RECORDS SHOWN:
··········
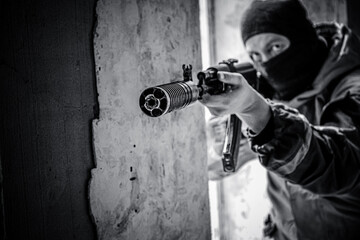 A masked soldier armed with a silenced assault rifle is about to fire. Armed attack, black and white photo, selective focus. The special police are conducting a counter-terrorist operation.  - obrazy, fototapety, plakaty
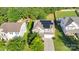 Aerial view of house with solar panels, beautiful landscaping, and neighborhood surroundings at 1923 Caprington Dr, Fort Mill, SC 29707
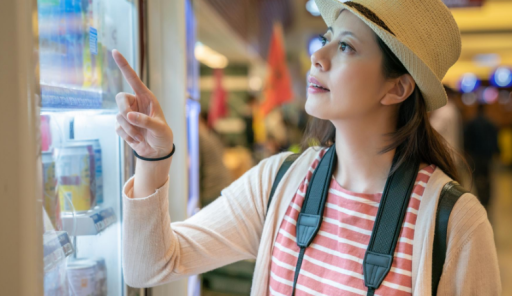 woman-buying-things-from-vending-machine-sure-what-drink-looking-uncertain-relaxing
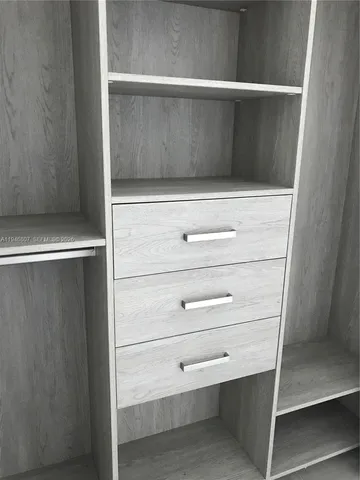 a view of empty room with floor to ceiling window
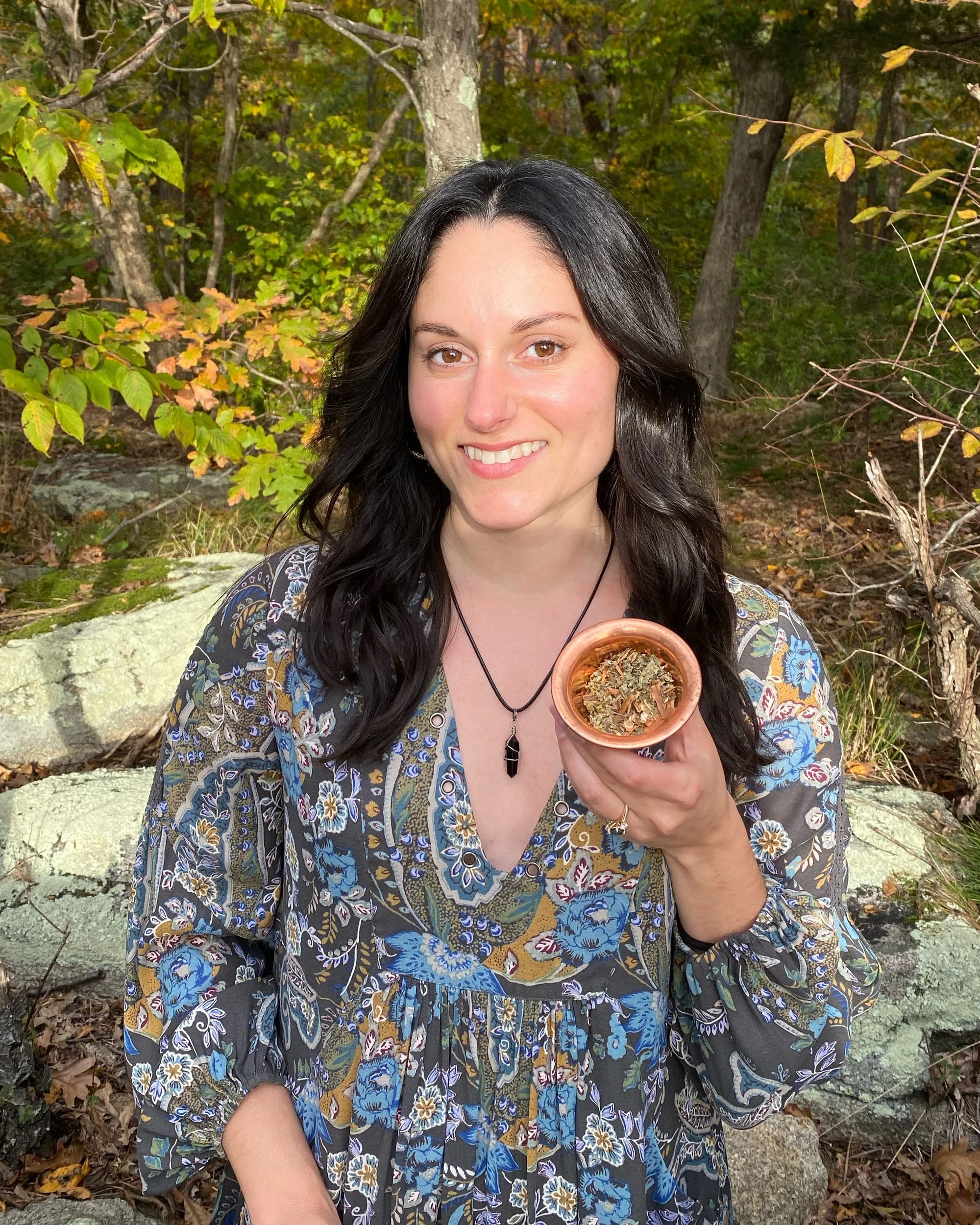 A woman with long dark hair smiling outdoors in a wooded area, holding a small bowl filled with dried herbs or plants.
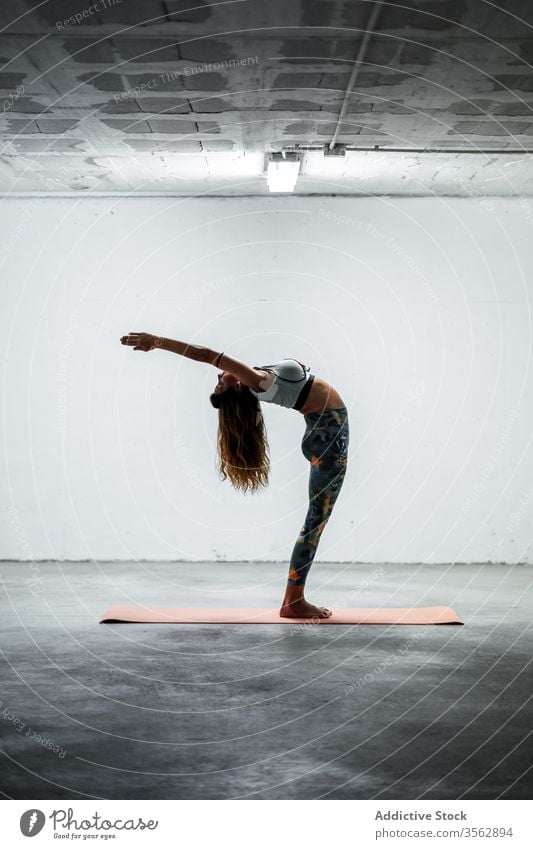 Slender woman doing yoga in Mountain pose with raised arm balance practice calm standing backbend slender asana female slim mat flexible floor sportswear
··········
THE PROBLEM:
Send back every record exactly as it stands, except the pictures.

SOLUTION TO THE PROBLEM:
 A masked soldier armed with a silenced assault rifle is about to fire. Armed attack, black and white photo, selective focus. The special police are conducting a counter-terrorist operation.  - obrazy, fototapety, plakaty
 Aerial view of house with solar panels, beautiful landscaping, and neighborhood surroundings at 1923 Caprington Dr, Fort Mill, SC 29707
 woman-buying-things-from-vending-machine-sure-what-drink-looking-uncertain-relaxing
 a view of empty room with floor to ceiling window
 A woman with long dark hair smiling outdoors in a wooded area, holding a small bowl filled with dried herbs or plants.
 Slender woman doing yoga in Mountain pose with raised arm balance practice calm standing backbend slender asana female slim mat flexible floor sportswear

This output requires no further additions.